Nel 1935 inizia un viaggio con l’economista Paul S. Taylor, suo futuro marito, nelle zone agricole devastate dalla crisi e dalla Dust Bowl. Le tempeste di sabbia, raccontate anche da John Steinbeck nel romanzo Furore del 1939, cancellano le speranze di migliaia di famiglie, costringendole a migrare verso la California. Lange cattura questi drammi attraverso immagini che restano impresse nella memoria collettiva. Tra queste, l’iconica Migrant Mother, il ritratto di una madre stremata con i suoi figli in un accampamento di fortuna.
La fotografa lavora per il programma governativo Farm Security Administration (FSA), nato per sostenere le politiche del New Deal. Ogni scatto è accompagnato da didascalie dettagliate che raccontano storie di sopravvivenza, solidarietà e dignità. Dagli agricoltori sfruttati nelle piantagioni di cotone del Sud, segnate dalla segregazione razziale, ai lavoratori nelle fattorie californiane, Lange documenta con occhio attento e compassionevole le difficoltà di un’America in ginocchio.
Una voce contro le discriminazioni
La seconda parte della mostra dedicata a Dorothea Lange a Palazzo della Penna a Perugia affronta un altro capitolo cruciale: l’internamento forzato della comunità giapponese negli Stati Uniti durante la Seconda Guerra Mondiale.

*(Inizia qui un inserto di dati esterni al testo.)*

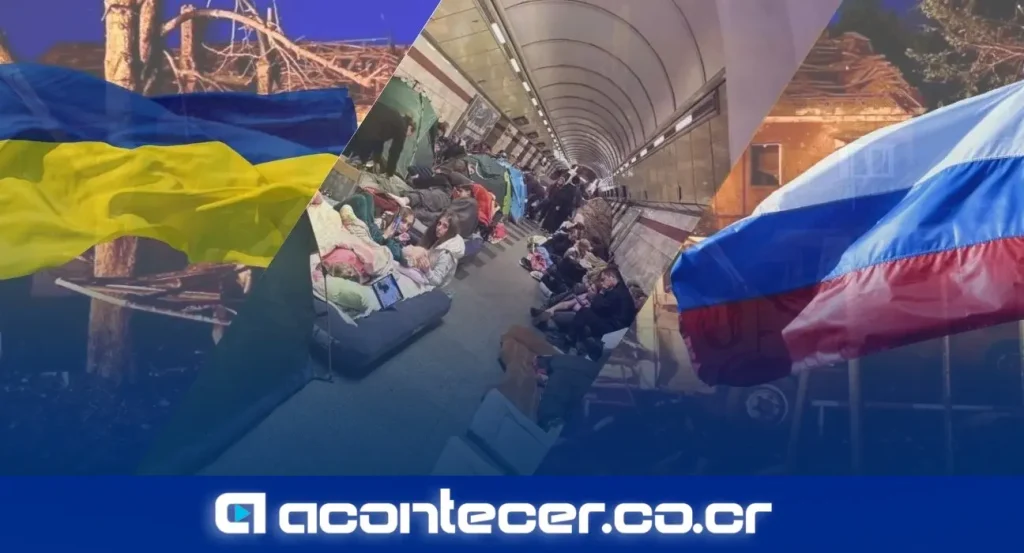 Residentes de Kiev refugiados en estaciones del metro durante ataques aéreos contra la capital de Ucrania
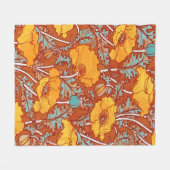 Oranje bladerwand met blaaspijp Fleece Deken (Voorkant (Horizontaal))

Dopo l’attacco di Pearl Harbor nel 1941, infatti, il governo americano decide di confinare in campi di prigionia migliaia di cittadini di origine giapponese. Accusati ingiustamente di essere una minaccia per la sicurezza nazionale.
Lange è incaricata di documentare questa drammatica realtà e realizza immagini di straordinaria forza espressiva. Nonostante il suo aperto dissenso verso la politica governativa, i suoi scatti rivelano con delicatezza e umanità la vita quotidiana dei prigionieri. I volti raccontano storie di smarrimento, dignità e adattamento forzato, trasformando quelle fotografie in una denuncia silenziosa contro l’ingiustizia.
La curatrice Monica Poggi ha sottolineato: “La sfida è stata uscire dal tracciato più classico andando anche oltre immagini iconiche come ‘Migrant Mother’. Ci siamo concentrati su dieci anni particolarmente intensi in cui Lange ha lavorato per il governo Usa allo scopo di documentare le condizioni dei migranti della grande crisi economica e ambientale”. “Il messaggio che l’autrice ci consegna, ad ogni modo, non è solo drammatico”, prosegue, “ma testimonia come la fotografia possa innescare cambiamenti sociali concreti. Un aspetto di cui rimanere consapevoli”.
Con oltre 130 fotografie, quindi, l’esposizione offre uno straordinario percorso visivo che cattura l’essenza di un’epoca. In grado di coinvolgere sia gli appassionati di fotografia che chi desidera comprendere la forza della narrazione attraverso le immagini e chiunque voglia riscoprire la forza della narrazione visiva. Un viaggio emozionante tra passato e presente, capace di restituire dignità alle storie più dimenticate della nostra storia.